The weight of all of this sits on your chest and limbs and makes it hard to move or breathe or even open your eyes. And yet somehow, you still feel the pressure to make the days distinct. To have them make sense. To create, and put things out in the world. That is what other people are doing. Bu some days, you just can’t. You can’t create. You can’t make a sourdough starter. You can barely watch television, because the sight of characters, touching one another, breathing and kissing and laughing and yelling out in a world less broken than this one is just too much.
And maybe it’s okay if you can’t right now. Maybe treading water is enough.
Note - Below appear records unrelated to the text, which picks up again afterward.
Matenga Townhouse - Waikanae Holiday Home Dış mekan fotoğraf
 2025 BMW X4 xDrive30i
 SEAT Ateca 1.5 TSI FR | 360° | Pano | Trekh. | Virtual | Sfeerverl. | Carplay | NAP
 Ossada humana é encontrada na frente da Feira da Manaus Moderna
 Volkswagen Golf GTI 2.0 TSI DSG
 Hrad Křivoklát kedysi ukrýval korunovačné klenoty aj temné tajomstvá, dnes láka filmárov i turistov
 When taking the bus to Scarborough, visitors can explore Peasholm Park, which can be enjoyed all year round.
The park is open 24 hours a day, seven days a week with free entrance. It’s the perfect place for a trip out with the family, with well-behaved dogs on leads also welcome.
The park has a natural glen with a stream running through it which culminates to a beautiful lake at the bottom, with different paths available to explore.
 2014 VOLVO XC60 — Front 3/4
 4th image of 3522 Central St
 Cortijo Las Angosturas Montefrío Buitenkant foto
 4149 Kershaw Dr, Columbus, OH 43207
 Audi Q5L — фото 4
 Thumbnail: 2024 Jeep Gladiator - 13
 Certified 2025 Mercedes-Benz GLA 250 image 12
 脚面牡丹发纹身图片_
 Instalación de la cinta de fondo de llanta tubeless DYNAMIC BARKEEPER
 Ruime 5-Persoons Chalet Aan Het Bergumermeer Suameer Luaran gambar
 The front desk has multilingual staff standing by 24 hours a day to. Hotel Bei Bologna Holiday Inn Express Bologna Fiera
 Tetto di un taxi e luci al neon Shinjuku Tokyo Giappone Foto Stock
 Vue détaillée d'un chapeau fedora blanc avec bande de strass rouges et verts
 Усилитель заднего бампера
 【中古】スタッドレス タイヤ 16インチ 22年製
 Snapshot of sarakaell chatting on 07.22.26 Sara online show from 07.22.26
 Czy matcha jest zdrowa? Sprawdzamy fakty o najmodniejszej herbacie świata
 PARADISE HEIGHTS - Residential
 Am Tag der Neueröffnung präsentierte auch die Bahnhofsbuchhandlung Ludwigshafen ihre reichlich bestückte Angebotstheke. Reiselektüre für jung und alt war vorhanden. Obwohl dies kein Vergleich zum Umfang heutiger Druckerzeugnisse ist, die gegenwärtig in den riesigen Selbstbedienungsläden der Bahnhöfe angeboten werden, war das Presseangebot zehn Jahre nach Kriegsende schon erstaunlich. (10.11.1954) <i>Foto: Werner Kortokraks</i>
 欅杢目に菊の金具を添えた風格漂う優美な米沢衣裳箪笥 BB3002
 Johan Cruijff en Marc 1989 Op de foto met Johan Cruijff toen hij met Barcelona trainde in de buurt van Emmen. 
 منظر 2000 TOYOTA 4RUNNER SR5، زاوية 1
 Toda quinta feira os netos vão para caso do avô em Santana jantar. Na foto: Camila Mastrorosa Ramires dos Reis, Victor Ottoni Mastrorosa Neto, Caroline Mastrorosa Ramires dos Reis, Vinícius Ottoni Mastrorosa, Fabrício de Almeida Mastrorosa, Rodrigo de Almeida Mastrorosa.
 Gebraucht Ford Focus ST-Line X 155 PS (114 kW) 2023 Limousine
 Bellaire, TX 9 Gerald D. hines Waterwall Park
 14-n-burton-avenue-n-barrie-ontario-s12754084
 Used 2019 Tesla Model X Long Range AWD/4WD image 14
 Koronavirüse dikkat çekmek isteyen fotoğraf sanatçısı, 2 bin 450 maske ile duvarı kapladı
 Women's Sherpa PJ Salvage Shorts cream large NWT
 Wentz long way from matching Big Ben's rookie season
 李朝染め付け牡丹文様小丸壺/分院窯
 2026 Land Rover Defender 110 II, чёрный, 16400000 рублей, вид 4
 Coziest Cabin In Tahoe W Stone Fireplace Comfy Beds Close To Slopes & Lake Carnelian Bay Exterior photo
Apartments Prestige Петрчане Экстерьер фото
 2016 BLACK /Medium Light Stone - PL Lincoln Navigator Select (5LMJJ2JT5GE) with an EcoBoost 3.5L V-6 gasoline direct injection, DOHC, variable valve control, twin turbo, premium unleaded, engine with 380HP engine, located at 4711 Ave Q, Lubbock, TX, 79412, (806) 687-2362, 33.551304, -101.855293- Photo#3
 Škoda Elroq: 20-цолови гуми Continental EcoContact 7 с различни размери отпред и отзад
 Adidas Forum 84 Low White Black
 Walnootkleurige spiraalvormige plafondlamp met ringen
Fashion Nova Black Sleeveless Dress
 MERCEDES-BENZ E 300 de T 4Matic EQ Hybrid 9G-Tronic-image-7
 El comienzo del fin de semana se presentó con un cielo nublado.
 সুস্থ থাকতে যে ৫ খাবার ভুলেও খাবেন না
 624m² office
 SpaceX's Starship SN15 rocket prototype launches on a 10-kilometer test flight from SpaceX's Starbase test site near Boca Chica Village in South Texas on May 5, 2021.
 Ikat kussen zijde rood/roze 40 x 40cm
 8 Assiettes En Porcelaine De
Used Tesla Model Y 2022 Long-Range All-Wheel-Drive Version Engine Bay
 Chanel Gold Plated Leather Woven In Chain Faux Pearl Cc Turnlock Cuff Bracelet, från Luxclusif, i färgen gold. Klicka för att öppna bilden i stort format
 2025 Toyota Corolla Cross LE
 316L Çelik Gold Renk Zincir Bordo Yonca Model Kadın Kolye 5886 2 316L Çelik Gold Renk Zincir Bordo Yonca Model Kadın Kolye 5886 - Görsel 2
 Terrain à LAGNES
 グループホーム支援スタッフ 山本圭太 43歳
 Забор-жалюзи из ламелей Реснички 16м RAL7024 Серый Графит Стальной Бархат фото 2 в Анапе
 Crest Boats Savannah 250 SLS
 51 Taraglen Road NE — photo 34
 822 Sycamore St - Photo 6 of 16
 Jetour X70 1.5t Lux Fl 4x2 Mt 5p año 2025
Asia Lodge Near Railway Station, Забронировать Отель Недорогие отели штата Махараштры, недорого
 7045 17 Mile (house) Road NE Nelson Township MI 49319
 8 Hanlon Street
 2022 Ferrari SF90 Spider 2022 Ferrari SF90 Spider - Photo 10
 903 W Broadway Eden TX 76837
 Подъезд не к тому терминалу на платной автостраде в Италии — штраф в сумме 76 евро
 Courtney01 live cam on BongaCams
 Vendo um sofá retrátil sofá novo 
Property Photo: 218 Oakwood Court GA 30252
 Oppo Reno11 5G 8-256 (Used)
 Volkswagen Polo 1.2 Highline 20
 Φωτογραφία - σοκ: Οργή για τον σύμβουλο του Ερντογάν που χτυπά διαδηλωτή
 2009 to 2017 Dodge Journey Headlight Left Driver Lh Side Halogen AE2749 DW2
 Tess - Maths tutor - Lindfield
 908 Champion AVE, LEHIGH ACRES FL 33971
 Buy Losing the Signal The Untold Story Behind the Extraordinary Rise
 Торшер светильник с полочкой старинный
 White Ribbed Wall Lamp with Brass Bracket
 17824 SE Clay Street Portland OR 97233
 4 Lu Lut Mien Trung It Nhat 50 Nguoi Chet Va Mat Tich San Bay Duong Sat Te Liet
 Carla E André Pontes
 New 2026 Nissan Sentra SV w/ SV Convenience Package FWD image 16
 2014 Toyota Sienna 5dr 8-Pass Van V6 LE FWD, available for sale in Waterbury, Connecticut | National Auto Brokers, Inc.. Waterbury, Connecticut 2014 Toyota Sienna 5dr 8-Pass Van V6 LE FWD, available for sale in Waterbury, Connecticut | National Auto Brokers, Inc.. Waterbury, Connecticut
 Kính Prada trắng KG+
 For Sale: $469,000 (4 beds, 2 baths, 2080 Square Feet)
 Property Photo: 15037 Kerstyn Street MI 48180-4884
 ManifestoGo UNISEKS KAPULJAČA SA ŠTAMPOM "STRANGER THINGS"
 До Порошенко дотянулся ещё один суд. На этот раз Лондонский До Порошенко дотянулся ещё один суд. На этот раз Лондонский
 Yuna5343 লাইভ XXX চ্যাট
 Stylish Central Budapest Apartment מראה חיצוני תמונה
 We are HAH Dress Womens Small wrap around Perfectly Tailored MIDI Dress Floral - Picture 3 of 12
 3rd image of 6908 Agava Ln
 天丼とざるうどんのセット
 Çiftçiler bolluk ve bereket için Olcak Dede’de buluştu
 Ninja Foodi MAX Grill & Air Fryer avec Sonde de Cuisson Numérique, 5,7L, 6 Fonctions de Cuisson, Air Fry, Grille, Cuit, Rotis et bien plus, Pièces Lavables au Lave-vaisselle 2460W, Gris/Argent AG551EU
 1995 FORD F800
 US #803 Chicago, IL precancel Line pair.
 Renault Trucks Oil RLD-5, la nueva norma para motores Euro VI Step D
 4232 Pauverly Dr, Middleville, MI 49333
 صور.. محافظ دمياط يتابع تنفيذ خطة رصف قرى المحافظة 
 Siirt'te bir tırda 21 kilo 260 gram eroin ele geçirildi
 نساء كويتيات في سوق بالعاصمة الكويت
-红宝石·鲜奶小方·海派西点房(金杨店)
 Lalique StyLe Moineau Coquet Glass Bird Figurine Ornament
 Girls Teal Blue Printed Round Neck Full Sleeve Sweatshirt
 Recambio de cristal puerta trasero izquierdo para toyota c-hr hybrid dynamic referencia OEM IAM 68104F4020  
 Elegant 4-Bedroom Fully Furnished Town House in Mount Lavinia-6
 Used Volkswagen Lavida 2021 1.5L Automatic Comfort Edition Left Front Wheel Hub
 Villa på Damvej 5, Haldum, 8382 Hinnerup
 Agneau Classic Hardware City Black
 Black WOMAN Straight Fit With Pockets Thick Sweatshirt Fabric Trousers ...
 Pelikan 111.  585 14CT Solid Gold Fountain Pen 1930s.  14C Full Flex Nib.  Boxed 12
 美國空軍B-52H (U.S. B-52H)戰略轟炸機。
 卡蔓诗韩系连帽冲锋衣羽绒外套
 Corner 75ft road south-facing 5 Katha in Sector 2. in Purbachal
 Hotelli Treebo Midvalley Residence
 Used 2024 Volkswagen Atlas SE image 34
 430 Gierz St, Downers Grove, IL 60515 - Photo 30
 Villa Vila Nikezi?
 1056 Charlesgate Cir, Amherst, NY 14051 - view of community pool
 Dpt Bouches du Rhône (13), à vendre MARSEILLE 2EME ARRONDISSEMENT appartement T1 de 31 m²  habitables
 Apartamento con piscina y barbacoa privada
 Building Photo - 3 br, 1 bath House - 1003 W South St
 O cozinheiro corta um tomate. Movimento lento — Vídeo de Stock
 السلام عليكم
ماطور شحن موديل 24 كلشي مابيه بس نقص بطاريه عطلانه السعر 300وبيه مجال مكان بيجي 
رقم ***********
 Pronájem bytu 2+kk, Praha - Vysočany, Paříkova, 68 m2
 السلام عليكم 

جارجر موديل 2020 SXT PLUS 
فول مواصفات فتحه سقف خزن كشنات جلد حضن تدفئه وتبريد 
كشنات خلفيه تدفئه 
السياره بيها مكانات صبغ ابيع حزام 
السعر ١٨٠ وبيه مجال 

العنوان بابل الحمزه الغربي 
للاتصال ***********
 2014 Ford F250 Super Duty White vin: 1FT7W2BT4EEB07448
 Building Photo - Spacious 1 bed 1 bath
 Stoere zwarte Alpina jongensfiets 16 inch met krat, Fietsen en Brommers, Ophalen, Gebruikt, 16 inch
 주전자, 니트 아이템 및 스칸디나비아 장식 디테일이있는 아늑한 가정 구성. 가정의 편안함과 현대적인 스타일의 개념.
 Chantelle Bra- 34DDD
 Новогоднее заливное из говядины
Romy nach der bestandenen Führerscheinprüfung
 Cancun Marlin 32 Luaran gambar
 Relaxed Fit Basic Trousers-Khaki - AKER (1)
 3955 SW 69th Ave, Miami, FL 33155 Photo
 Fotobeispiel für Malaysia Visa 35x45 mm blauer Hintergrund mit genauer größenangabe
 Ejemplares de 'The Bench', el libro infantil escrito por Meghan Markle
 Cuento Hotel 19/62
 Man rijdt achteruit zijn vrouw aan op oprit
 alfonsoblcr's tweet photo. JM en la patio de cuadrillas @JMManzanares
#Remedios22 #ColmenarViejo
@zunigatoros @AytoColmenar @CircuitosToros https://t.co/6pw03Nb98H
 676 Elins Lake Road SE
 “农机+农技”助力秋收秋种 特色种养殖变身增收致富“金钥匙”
People are making beautiful things. My neighbor weeds her perfect garden. Young actors make clever videos from their homes. My husband gets dressed and does his perfect hair (you’re welcome) and dutifully works (he is working. All the time. He is on podcasts and on webinars and making videos and accidentally bombing Instagram with his perfect, perfect abs). This is how they cope.
I laud them for it.
But for some of us, maybe it is enough just to keep our heads above water. It’s okay if you can’t right now. It’s okay if you can’t write now. Or cook. Or paint. Or make sourdough bread. It is enough that you are here, breathing. It is enough that your heart is beating, over and over and over again, refusing to stop, in this storm of a world, on this day that has blended in with all the rest. And tomorrow – which may be a Saturday or a Wednesday, and I can tell you from the bottom of my soul, it does not matter, either way – your heart and lungs will endeavor to do it again. And that is enough right now.